Suppose that $f:\mathbb{C}\rightarrow \mathbb{C}$ is continuous such that $f^3,f^4$ are analytic in $\mathbb{C}$ then prove that $f$ is analytic in $\mathbb{C}$..

Choose $z_0\in \mathbb{C}$. Suppose that $f(z_0)\neq 0$. As $f$ is continuous, in a nbd around $z_0$ the value of $f$ is nonzero.

So, $f^4(z)/f^3(z)=f(z)$ in a small open ball centered at $z_0$.. So, $f$ is analytic at $z_0$.

Suppose $z_0$ is such that $f(z_0)=0$ then we can not say that $f^4(z)/f^3(z)=f(z)$ for all $z$ in a small open ball around $z_0$ as $f(z_0)=0$ we can not cancel.

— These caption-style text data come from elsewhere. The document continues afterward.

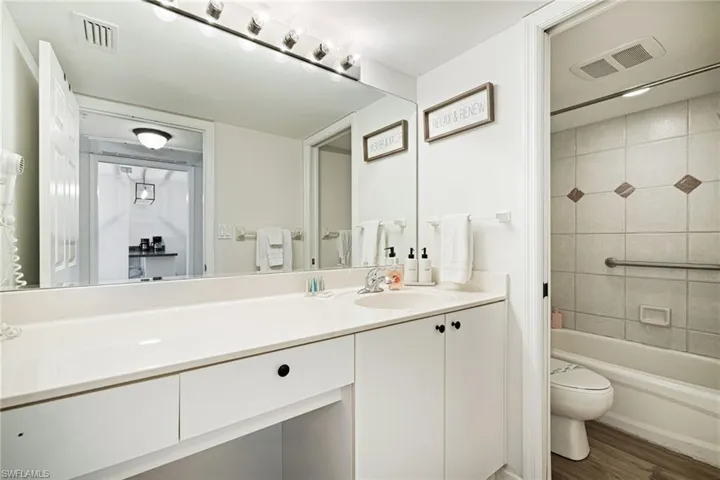 Full bath featuring vanity, wood finished floors, and  shower combination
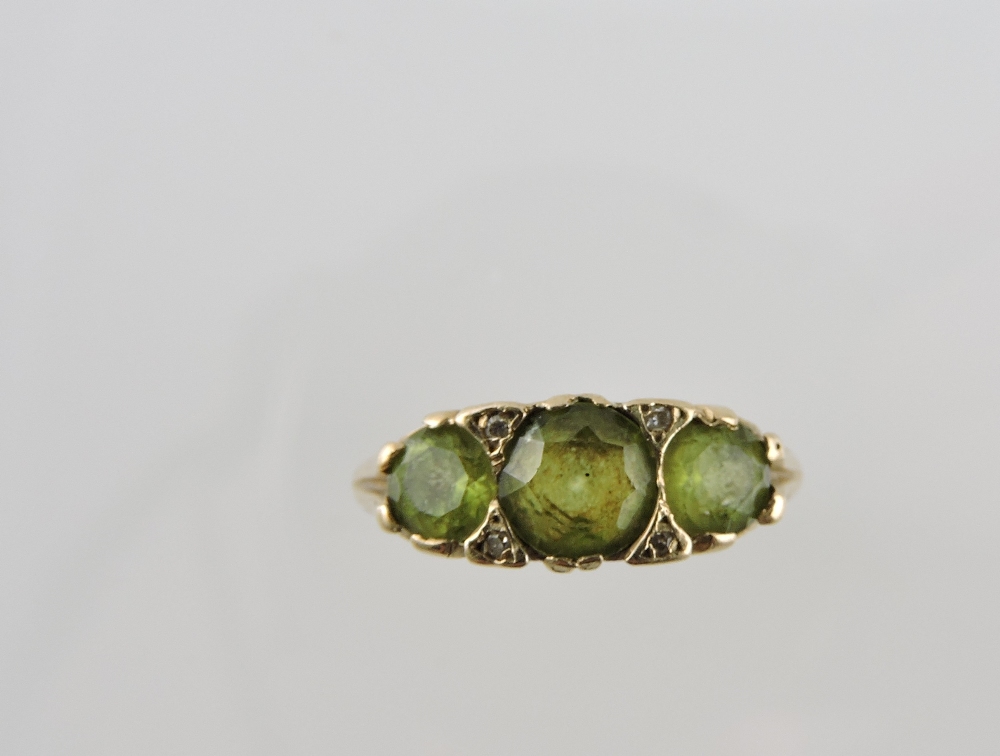 A 9ct ring set with three peridot and four small diamonds on a raised scroll mount.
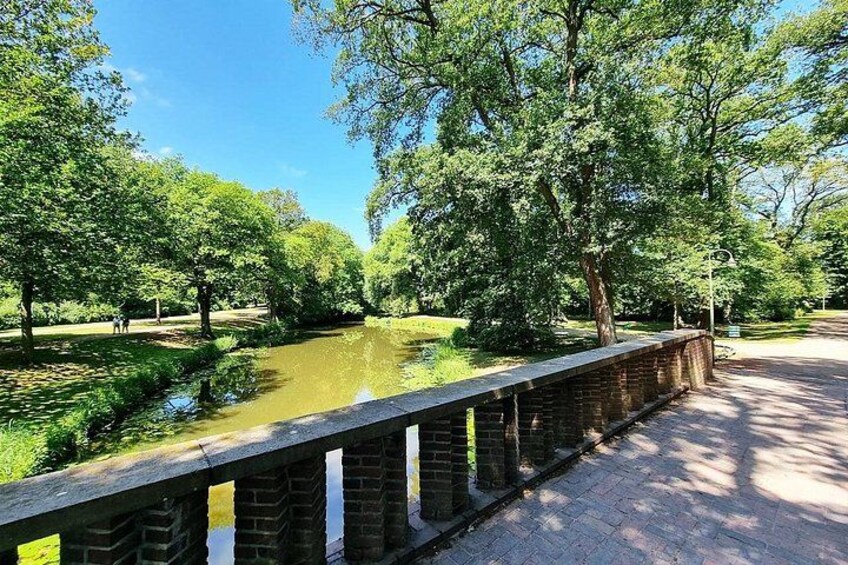 A park with a brick bridge over a calm river, surrounded by lush green trees. 4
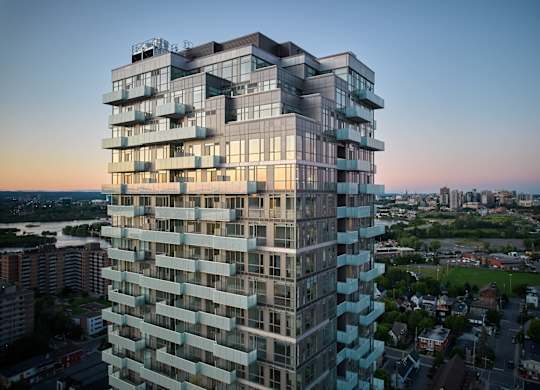A tall, modern building with many windows and balconies is shown from a distance.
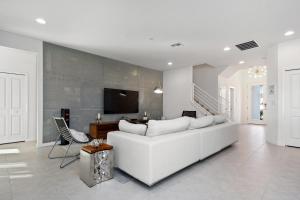 uma sala de estar branca com um sofá branco e uma televisão em 5Br 5Bath Pvt Home BBQ Pool 15min Disney 3056ft em Kissimmee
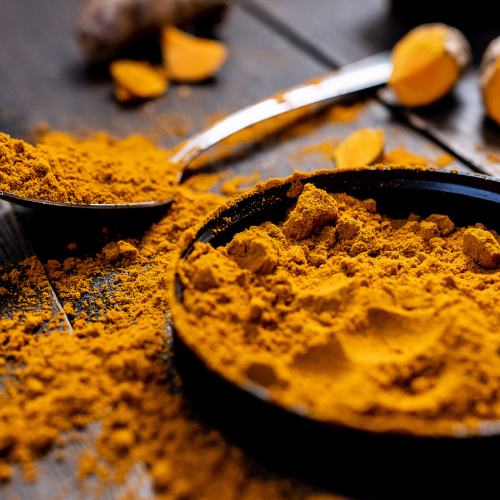 Turmeric powder in black measuring spoons on a wooden surface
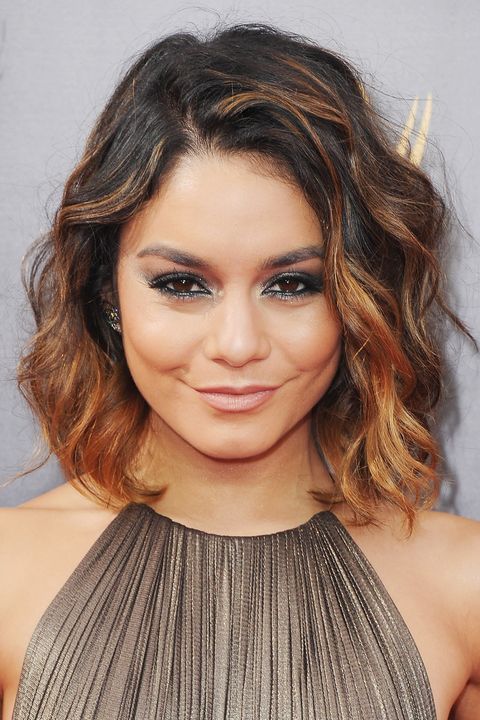<p>Hudgens' ombré hair is accented with face-framing toffee highlights.</p>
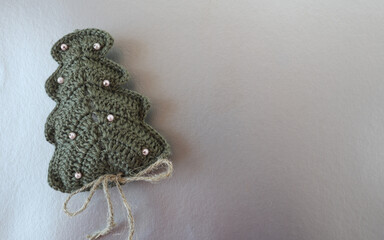 Christmas tree, crocheted, decorated with white beads, on a silver background, space for text, top view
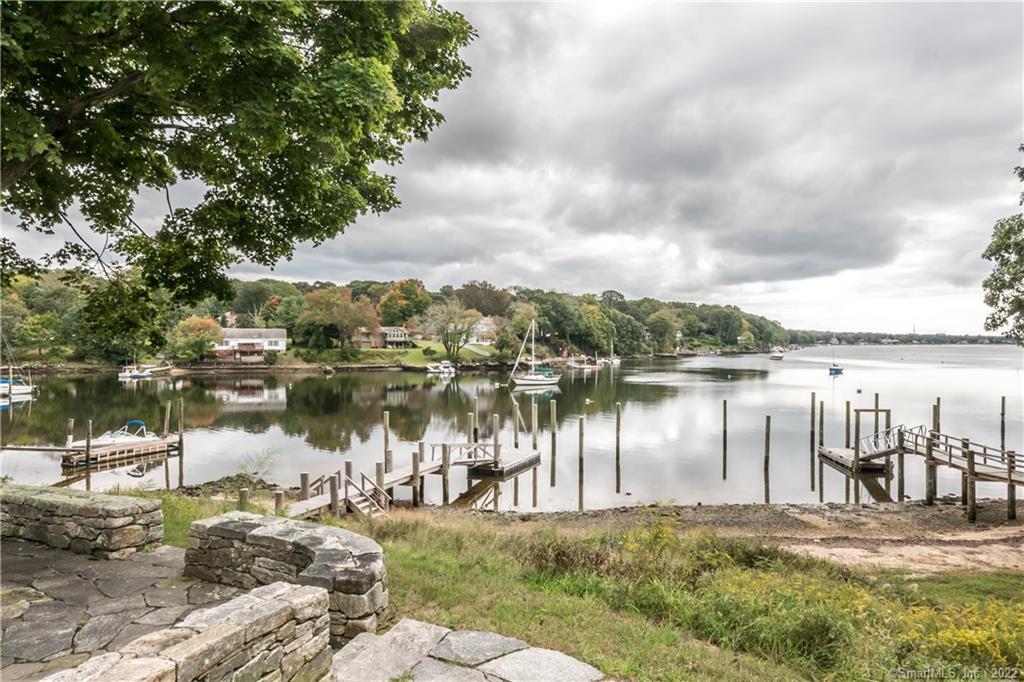 149 Oswegatchie Road Waterford, CT 06385 - Photo 1 of 1 A cloudy day does nothing to dampen the serenity and beauty of Keeny Cove. Your floating dock (Located on the right in this photo) has been recently remodeled, has a electricity and water. This area is considered a Hurricane Hole, meaning that in inclement weather, this is the safest place for your boat(s). With two additional moorings, you'll have plenty of space to keep your beauties! The beach is your personal area. Sit and watch the boats glide by. Peaceful, serene and a feast for your soul!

But then we can certainly say that there is a ball where $f(z)$ is non zero except at $z_0$. Then in this ball we do have that $f^4(z)/f^3(z)=f(z)$. So, $f(z)$ is analytic in punctured disk around $z_0$.

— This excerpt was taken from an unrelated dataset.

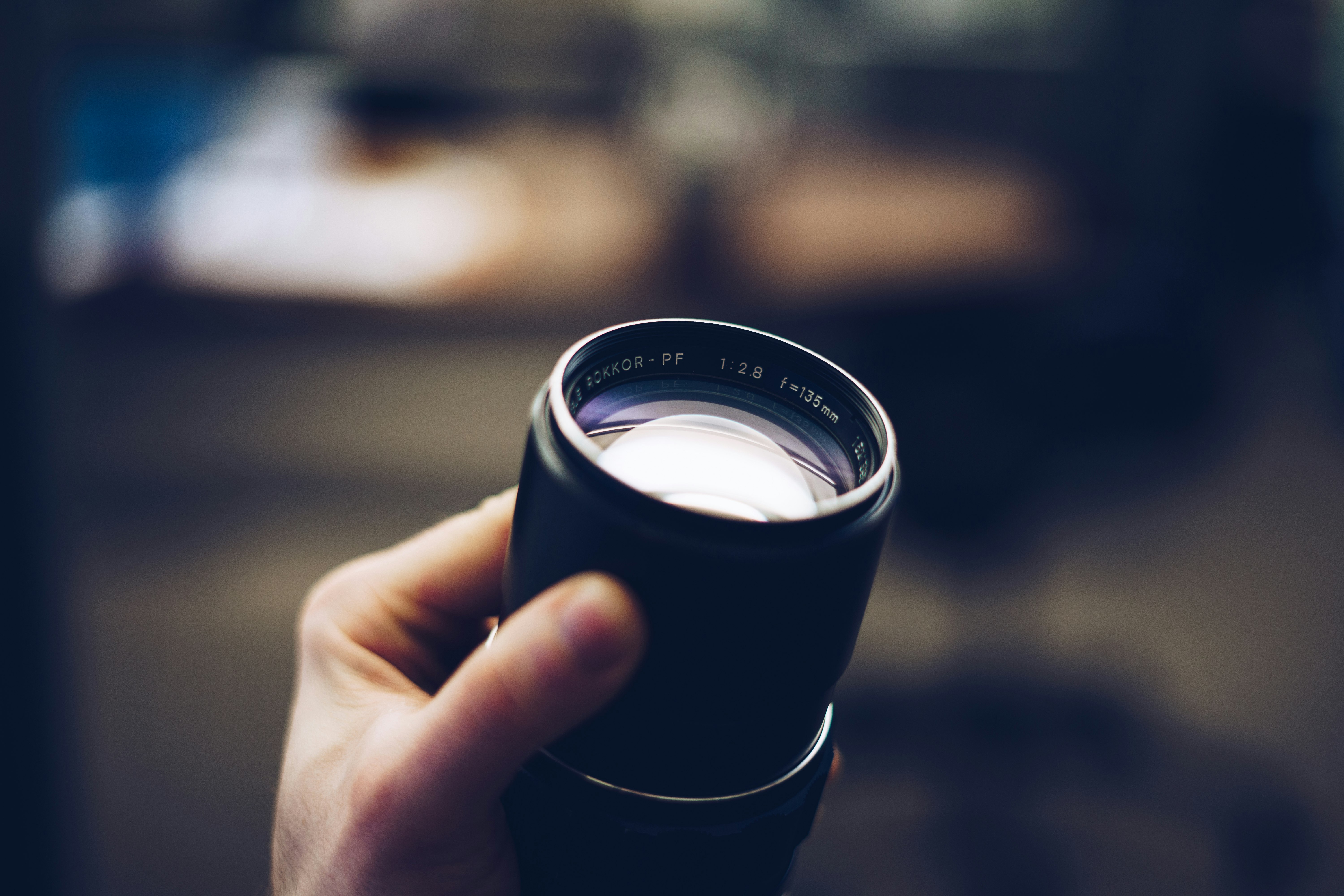 person holding black camera lens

I some how feel that function being analytic on punctured disk and function being continuous imply that function is analytic..

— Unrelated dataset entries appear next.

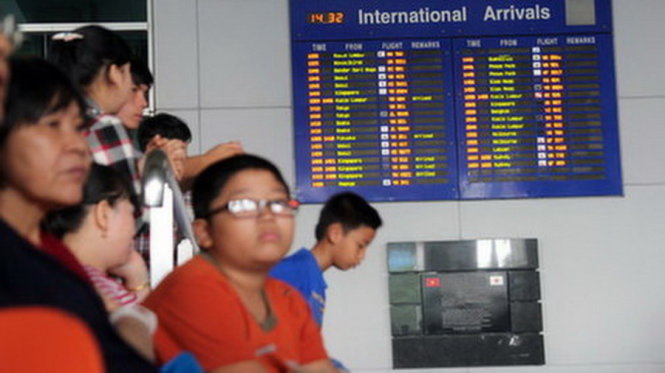 Thân nhân hành khách đợi ở sân bay Tân Sơn Nhất trong lúc vẫn còn nhiều chuyến bay chưa xếp được lịch hạ cánh (ảnh chụp lúc 13g55 ngày 20-11) - Ảnh: Mậu Trường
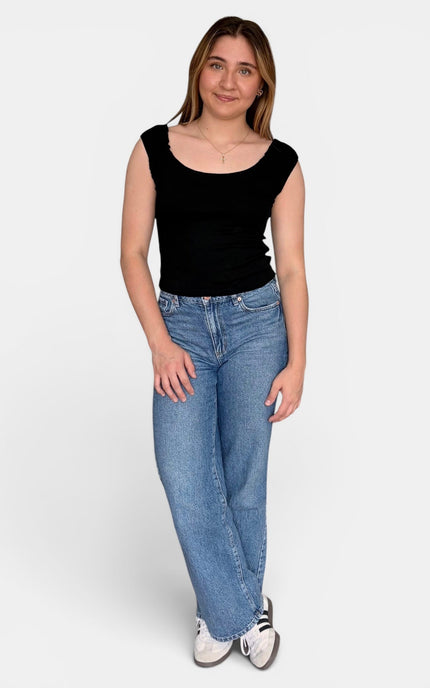 A woman modeling a black scoop-neck sleeveless top and light-wash blue jeans against a plain light gray studio background.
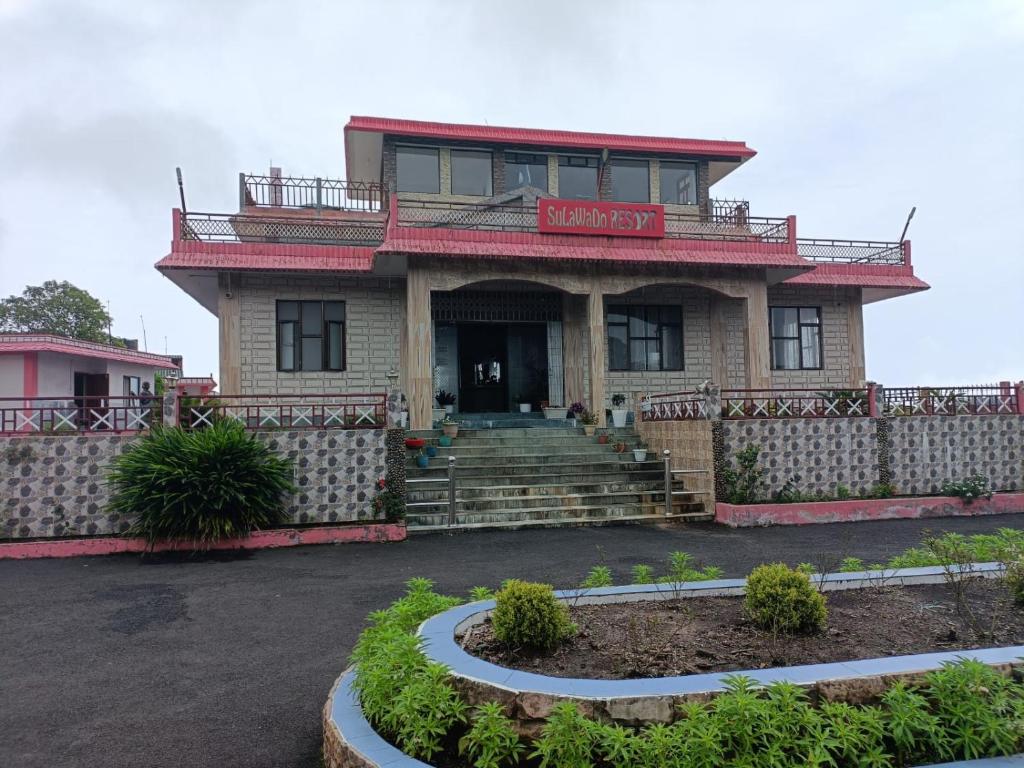 a house with a porch and stairs in front of it at Sulawado Resort in Cherrapunji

Could not figure out the proof for my supposedly correct statement.

As $f$ is analytic on punctured disk around $z_0$ we have laurent expansion for $f(z)$ as

$$f(z)=\cdots+\frac{a_{-2}}{(z-z_0)^2}+\frac{a_{-1}}{z-z_0}+a_0+a_1(z-z_0)+a_2(z-z_0)^2+\cdots$$

Suppose there is atleast one coefficient of $\dfrac{1}{z-z_0}$ that is non zero, then $|f(z)|\rightarrow \infty$ as $z\rightarrow z_0$..

But then, it is given that $f(z)$ is continuous.. continuous function on compact set is bounded so $f(z)$ has to be bounded on the disk where as we have $|f(z)|\rightarrow \infty$ if atleast one coefficient of negative powers of $(z-z_0)$ is non zero. So, this says all negative powers coefficients are zero..

So, we have $f(z)=a_0+a_1(z-z_0)+a_2(z-z_0)^2+\cdots$ in a nbd around $z_0$.

Could not deduce anything from here.

I think i am very close to final answer but could not see it immediately.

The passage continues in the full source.